Le 17 mars, le parlement a officiellement adopté le projet de loi C-7 (bilingue) qui étend l’accès au suicide assisté1 à quiconque souffre d’un handicap, d’une maladie, ou d’une condition pertinente. Le projet de loi a non seulement provoqué la colère des groupes de défense des droits des personnes handicapées, mais aussi la critique répétée des Nations unies (anglais), et la condamnation publique de centaines de médecins(bilingue), de dirigeants des Premières Nations (bilingue), d’universitaires, et de chefs religieux. Dans un geste rare, autant les néo-démocrates (de la gauche politique) que les conservateurs (de la droite politique) ont voté contre le projet de loi du gouvernement libéral.

Que permet exactement la modification de la loi?

Le suicide assisté est légal au Canada depuis 2016 pour les personnes âgées de 18 ans et plus qui ont exprimé le désir de mourir, qui « sont affectées de problèmes de santé graves et irrémédiables » qui lui « cause[nt] des souffrances physiques ou psychologiques persistantes qui lui sont intolérables » et que leur « mort naturelle est devenue raisonnablement prévisible ».

Le dernier élément était un dispositif de sécurité crucial; il signalait que le suicide assisté ne devrait pas seulement être accessible aux derniers moments de la vie, lorsque le patient souffre de façon intolérable. Une telle loi n’était pas discriminante en soi (quoiqu’elle l’était en pratique) envers les personnes handicapées puisqu’elle était manifestement accessible à toute personne en fin de vie qui souffrait.

Ce que proposait le projet de loi C-7, et ce qui est maintenant inscrit dans le Code criminel aux articles 241.1 à 241.4, est discriminatoire et injuste. La loi élimine le critère de « mort naturelle (…) devenue raisonnablement prévisible » pour le suicide assisté, créant par la même occasion un accès à deux vitesses.

La voie rapide permet aux docteurs de mettre fin à la vie de leur patient le jour même de la demande, si la mort naturelle du patient est « raisonnablement prévisible ». Il convient de noter qu’il n’existe aucune indication sur ce qui est « raisonnablement prévisible ». Dans certaines contestations judiciaires à ce jour, certains médecins ont témoigné avoir interprété un prognostique de 10 ans comme étant une mort « raisonnablement prévisible ».

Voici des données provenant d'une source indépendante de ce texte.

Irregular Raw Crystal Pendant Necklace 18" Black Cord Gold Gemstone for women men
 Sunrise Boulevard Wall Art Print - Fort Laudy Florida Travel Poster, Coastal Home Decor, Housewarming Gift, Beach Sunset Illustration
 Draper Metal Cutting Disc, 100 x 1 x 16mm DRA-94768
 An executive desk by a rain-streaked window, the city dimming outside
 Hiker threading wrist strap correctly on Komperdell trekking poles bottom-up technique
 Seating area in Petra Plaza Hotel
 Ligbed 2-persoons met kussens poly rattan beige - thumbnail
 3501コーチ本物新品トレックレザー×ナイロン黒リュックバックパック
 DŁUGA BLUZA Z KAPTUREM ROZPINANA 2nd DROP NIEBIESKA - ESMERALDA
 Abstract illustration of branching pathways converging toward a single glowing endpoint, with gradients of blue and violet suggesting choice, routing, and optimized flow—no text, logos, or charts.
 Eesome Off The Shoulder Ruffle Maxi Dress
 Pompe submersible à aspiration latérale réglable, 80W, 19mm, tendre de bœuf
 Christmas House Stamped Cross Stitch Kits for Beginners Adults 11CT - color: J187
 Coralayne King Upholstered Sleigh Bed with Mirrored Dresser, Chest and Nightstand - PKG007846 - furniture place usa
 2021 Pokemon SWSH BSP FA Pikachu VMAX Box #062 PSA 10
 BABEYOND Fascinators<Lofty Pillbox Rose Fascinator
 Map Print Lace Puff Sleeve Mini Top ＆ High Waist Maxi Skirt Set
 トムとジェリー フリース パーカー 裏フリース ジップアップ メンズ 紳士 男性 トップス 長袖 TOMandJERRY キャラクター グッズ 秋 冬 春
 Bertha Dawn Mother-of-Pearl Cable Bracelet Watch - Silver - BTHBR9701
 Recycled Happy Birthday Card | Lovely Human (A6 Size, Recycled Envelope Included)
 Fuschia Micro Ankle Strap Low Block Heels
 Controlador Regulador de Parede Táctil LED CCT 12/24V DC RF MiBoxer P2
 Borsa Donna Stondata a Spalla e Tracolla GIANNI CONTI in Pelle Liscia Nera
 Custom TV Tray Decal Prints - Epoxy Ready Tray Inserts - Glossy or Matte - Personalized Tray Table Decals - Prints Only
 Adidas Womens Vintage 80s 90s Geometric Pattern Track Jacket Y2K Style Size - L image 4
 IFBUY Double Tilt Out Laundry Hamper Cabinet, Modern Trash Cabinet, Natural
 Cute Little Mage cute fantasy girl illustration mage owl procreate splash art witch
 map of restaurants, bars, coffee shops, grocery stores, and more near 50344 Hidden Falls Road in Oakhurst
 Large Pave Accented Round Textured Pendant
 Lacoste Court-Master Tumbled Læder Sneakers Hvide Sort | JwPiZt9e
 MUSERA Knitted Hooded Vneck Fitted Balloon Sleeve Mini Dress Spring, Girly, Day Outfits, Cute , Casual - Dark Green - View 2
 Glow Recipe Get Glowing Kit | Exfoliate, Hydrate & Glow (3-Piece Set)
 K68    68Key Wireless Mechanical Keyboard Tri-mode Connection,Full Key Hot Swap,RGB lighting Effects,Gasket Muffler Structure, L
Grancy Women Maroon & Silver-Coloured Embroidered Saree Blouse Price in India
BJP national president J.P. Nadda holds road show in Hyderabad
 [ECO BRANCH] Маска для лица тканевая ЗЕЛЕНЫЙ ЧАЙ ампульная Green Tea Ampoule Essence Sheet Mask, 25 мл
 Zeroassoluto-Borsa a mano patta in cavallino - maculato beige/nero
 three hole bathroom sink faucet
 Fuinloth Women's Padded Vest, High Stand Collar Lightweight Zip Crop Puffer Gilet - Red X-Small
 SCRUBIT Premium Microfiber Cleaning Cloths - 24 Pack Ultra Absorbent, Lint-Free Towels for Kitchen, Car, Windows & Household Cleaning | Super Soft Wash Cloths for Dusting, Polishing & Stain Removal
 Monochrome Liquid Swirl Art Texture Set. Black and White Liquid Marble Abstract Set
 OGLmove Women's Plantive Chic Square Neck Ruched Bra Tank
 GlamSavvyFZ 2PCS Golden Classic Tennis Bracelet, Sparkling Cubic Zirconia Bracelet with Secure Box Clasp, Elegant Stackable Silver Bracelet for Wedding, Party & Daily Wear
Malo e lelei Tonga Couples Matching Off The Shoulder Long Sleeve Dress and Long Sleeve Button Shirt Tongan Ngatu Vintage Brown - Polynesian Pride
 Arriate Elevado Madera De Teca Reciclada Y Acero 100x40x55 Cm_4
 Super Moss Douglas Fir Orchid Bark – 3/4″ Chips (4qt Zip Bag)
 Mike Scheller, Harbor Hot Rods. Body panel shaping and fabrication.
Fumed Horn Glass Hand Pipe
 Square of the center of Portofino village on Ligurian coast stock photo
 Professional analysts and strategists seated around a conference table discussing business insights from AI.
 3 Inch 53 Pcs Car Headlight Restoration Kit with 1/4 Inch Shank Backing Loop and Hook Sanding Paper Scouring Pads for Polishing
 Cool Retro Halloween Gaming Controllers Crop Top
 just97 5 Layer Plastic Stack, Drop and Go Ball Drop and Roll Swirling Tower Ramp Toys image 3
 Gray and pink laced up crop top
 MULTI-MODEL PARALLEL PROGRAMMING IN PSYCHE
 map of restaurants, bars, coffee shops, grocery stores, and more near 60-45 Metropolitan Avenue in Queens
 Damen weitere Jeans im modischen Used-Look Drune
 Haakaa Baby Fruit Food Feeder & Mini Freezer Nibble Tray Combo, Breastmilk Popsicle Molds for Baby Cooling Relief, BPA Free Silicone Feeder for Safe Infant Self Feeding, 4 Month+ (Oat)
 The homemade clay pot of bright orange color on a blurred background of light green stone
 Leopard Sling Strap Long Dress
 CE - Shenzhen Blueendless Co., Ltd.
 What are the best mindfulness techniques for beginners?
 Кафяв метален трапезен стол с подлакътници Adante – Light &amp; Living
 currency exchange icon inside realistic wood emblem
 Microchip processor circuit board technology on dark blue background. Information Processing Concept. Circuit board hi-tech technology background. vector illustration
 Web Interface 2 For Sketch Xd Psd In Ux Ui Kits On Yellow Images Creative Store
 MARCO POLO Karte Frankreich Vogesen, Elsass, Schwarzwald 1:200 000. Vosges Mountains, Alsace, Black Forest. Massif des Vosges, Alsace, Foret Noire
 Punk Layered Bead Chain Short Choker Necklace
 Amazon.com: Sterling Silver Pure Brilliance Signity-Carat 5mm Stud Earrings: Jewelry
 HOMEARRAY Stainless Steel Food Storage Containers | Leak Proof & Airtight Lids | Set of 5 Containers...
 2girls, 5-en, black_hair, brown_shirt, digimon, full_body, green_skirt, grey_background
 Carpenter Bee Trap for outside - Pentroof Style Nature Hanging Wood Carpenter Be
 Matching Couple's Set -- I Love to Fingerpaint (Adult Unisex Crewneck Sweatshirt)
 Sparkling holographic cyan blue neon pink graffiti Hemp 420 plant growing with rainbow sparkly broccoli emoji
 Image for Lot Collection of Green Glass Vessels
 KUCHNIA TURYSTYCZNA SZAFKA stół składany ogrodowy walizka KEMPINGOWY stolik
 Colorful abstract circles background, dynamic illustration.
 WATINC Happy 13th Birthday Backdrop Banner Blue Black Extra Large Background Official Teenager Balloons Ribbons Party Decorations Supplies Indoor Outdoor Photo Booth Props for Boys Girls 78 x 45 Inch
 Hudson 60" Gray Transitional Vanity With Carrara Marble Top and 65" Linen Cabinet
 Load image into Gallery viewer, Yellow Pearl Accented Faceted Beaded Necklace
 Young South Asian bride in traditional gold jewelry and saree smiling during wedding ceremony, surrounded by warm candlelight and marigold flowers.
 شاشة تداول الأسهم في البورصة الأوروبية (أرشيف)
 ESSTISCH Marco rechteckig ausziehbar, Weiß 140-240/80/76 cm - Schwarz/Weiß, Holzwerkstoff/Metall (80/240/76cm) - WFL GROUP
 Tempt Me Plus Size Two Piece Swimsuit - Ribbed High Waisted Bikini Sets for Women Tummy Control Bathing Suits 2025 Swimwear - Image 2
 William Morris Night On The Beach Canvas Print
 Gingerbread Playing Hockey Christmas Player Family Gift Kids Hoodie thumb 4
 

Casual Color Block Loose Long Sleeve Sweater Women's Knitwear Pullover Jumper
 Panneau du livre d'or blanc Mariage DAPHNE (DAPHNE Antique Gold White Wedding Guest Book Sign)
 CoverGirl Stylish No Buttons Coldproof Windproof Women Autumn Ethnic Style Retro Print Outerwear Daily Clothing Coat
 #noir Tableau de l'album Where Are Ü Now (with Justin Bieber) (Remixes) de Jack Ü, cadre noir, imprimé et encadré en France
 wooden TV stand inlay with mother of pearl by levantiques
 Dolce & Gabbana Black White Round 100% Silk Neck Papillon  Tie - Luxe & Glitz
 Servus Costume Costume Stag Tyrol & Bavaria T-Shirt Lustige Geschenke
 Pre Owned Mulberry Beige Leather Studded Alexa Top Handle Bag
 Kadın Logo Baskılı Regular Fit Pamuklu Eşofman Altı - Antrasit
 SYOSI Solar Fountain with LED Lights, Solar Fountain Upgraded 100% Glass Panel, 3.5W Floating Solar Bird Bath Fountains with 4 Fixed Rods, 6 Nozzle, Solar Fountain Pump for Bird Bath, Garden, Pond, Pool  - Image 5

La voie lente est accessible pour toute personne dont la mort n’est pas  « raisonnablement prévisible ». Tout patient souffrant d’un handicap, d’une maladie, ou d’une autre condition pertinente, peut faire une requête écrite pour mettre fin à ses jours. Le patient entame alors une période d’attente de 90 jours durant laquelle on devrait lui offrir un soutien d’experts dans le domaine spécifique de son handicap ou de sa maladie.

Malheureusement, la loi est ambiguë par rapport au moment où débute ce décompte de 90 jours: est-ce lors de la première discussion sur le suicide assisté, ou lorsque la requête écrite est signée, ou encore lorsque le médecin vérifie si son patient y est éligible, sans que celui-ci en ait connaissance; et recommence-t-il lorsque le patient change d’avis?

C’est à travers cette « voie lente » que les éléments discriminatoires de la loi C-7 sont mis en évidence. Comme le soulève Liz Carr, défenseure des droits des personnes handicapées, « Lorsque des personnes non handicapées parlent de suicide, elles sont découragées et on leur offre une aide préventive… Par contre, lorsqu’une personne handicapée en parle, tout à coup la conversation est supplantée par les mots ‘choix’, et ‘autonomie’… alors que les discussions sur la prévention et le soutien en santé mentale sont rares ».

Si une personne de 18 ans, dépressive, mais autrement en bonne santé, exprime le souhait de mourir, le grand Nous (la famille, la communauté, la médecine, et le système médical) fera tout ce qui est en son pouvoir pour prévenir un suicide. La police arrêtera et détiendra même une personne suicidaire afin de préserver sa vie. Mais si une personne handicapée exprime le souhait de mourir, nous sommes censés l’aider à se suicider. Une ligne d’écoute pour la prévention du suicide prend un tout nouveau sens.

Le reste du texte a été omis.